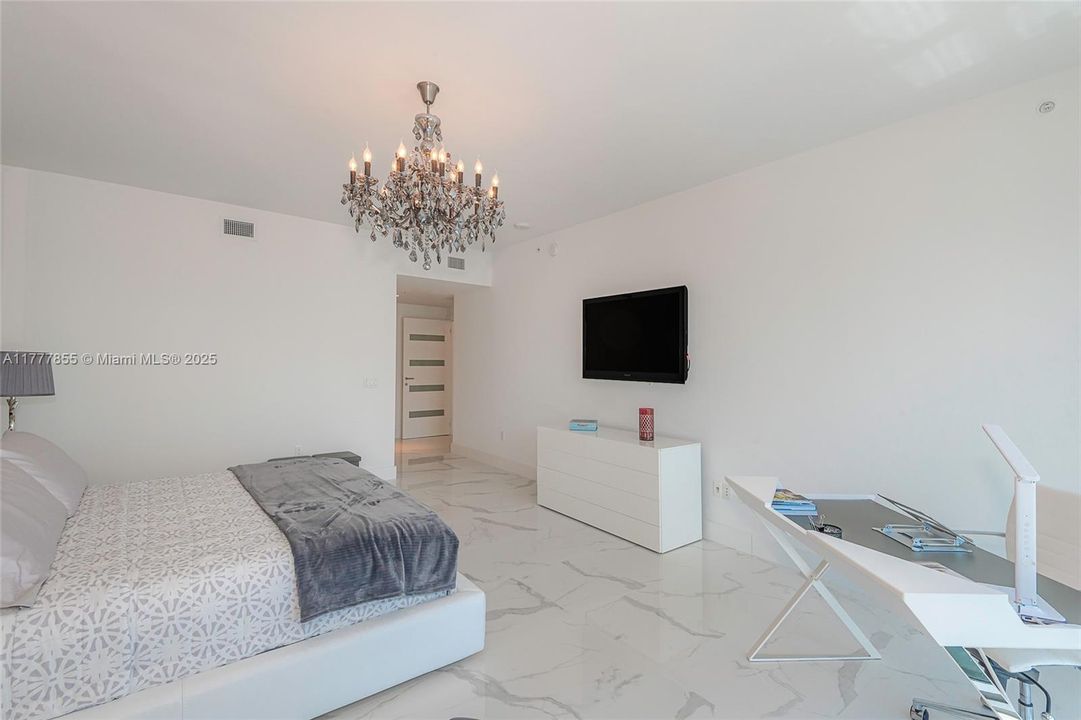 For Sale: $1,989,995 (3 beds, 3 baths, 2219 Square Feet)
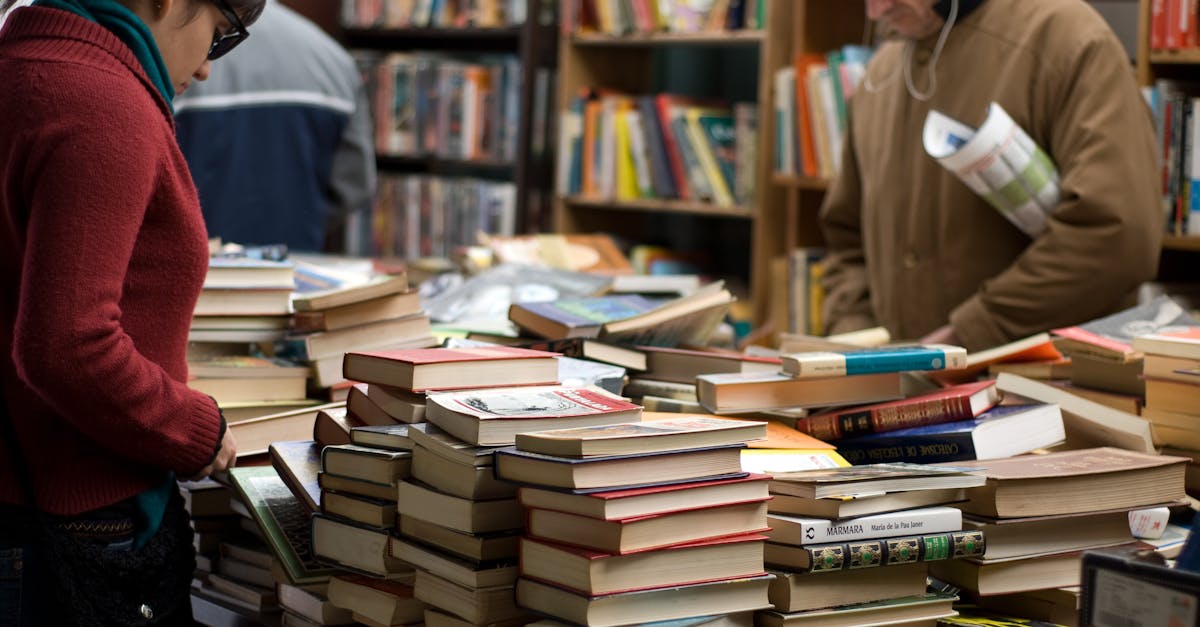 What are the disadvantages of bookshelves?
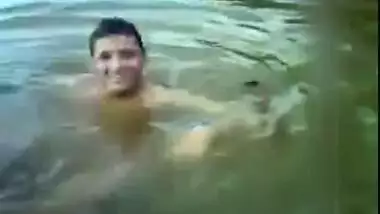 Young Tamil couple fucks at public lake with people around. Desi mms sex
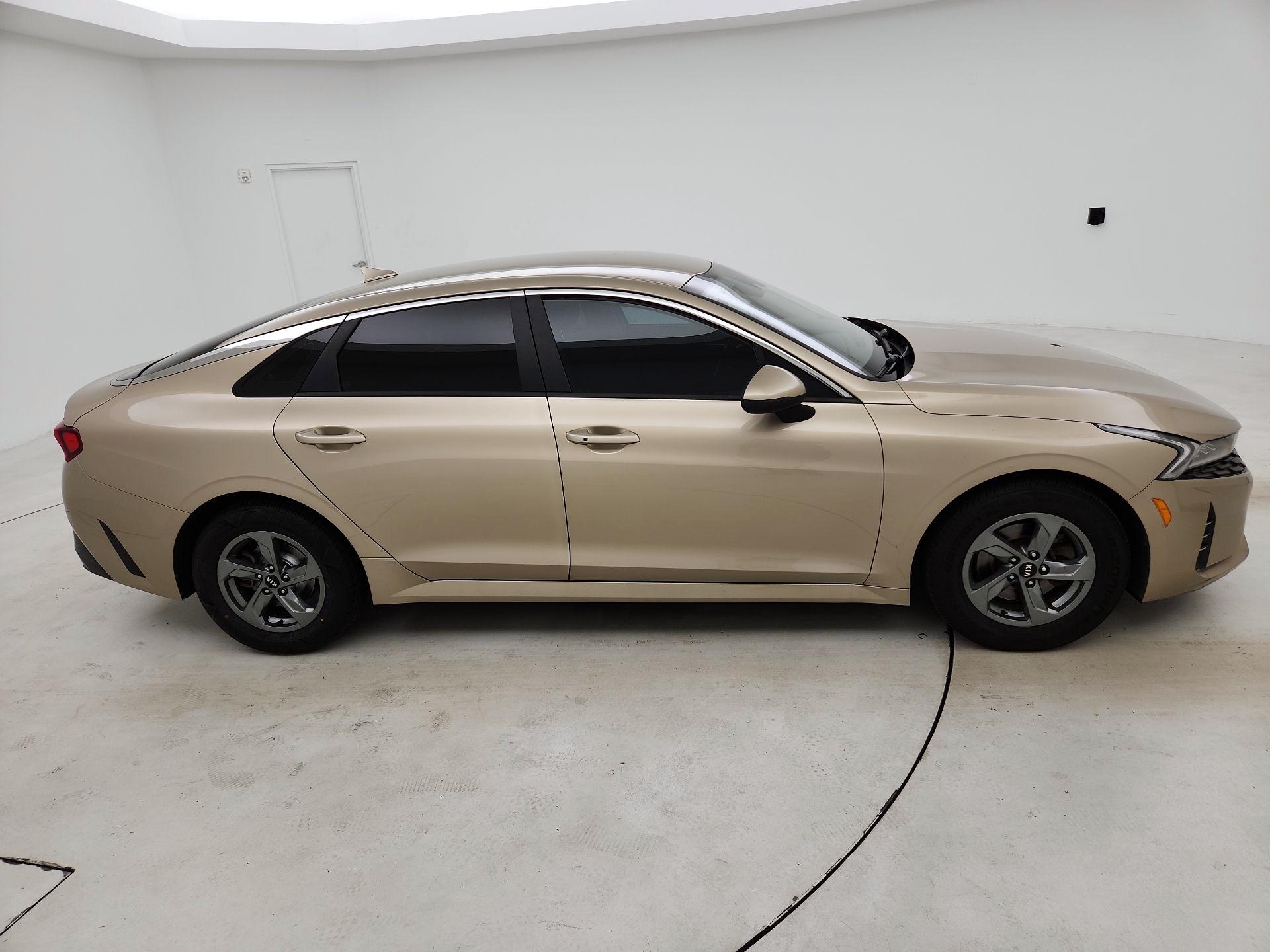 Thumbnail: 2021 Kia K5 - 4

PROBLEM TO SOLVE. Reproduce exactly, and only, the lines that begin at the one containing "Young Tamil couple" and end with the final line of the data, both included, while omitting every picture.

WRITTEN ANSWER.
 Young Tamil couple fucks at public lake with people around. Desi mms sex
 Thumbnail: 2021 Kia K5 - 4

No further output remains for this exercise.